All water bottles sold under brands including Poland Spring and Perrier are 100 percent recyclable, and the company set a goal of using 50 percent recycled plastic by 2025.

The initial target to reach 25 percent will expand its relationship with key supplier Plastrec, putting Nestlé Waters on track to nearly quadruple use of rPET in less than three years.  Earlier this year, the company worked with Québec-based Plastrec to release a 100 percent rPET Nestlé Pure Life bottle, which Nestlé says it the only major, nationally distributed bottled water using all recycled plastic in the U.S.

"Our bottles were never meant to be thrown in the garbage — we carefully design them to be collected, recycled and repurposed," says Fernando Mercé, president and chief executive officer of Nestlé Waters. "PET plastic is a valuable resource that, if recycled properly, can be used to create new bottles again and again. We're proving that it can be done by making bottles out of other bottles, not 10 years from now, but today."

Nestlé joined other processors and packaging companies that recently signed the New Plastics Economy Global Commitment through the Ellen MacArthur Foundation to address root causes of plastic pollution and waste.

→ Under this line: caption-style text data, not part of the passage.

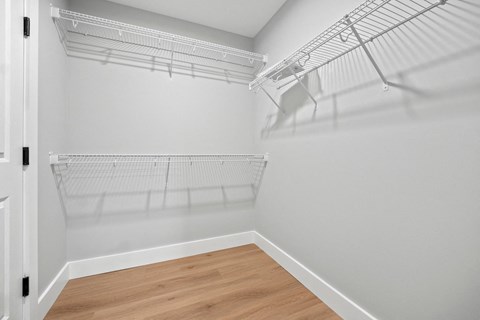 the closet in a bedroom of a house with white walls and wood floors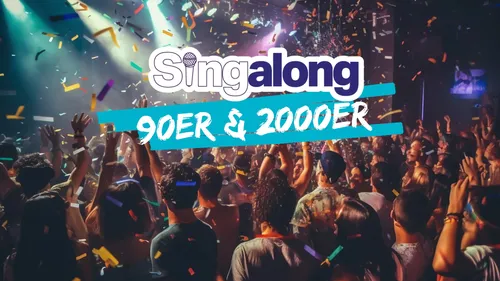 Publikum bei Konzert mit buntem Konfetti.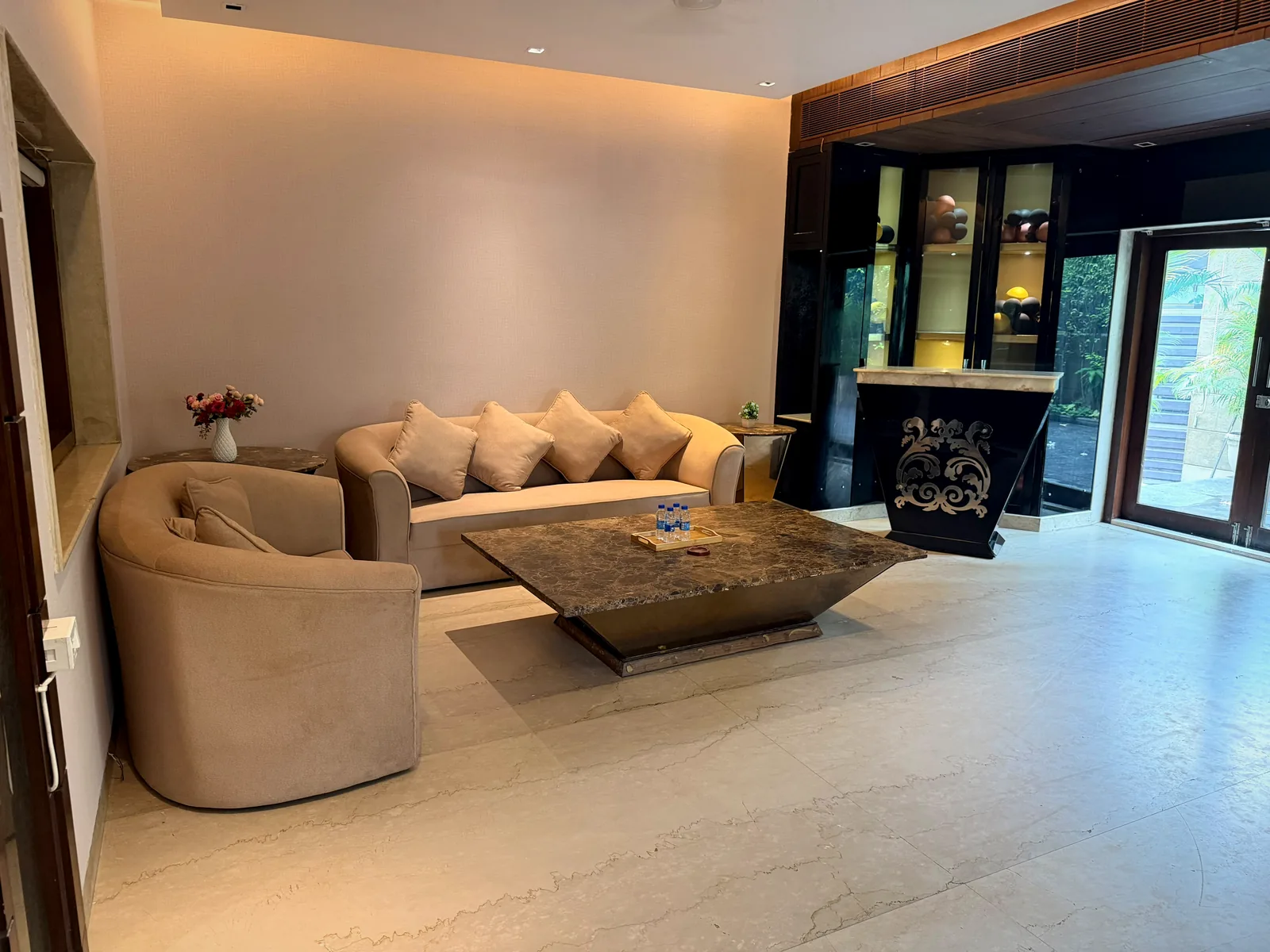 Open living hall with private bar counter and garden door at Nivasa Villas, Gurgaon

Nestlé Waters, based in Stamford, Conn., says it was the first beverage company in North America to add How2Recycle information to labels, reminding customers to empty the bottles and replace caps before recycling. The company also invests in recycling infrastructure in the U.S.

"Through long-term supplier contracts and our commitment to supporting initiatives to improve collection rates, we are helping to stimulate a more robust recycling market and unlock the potential of a circular economy here in the U.S.," says Mercé.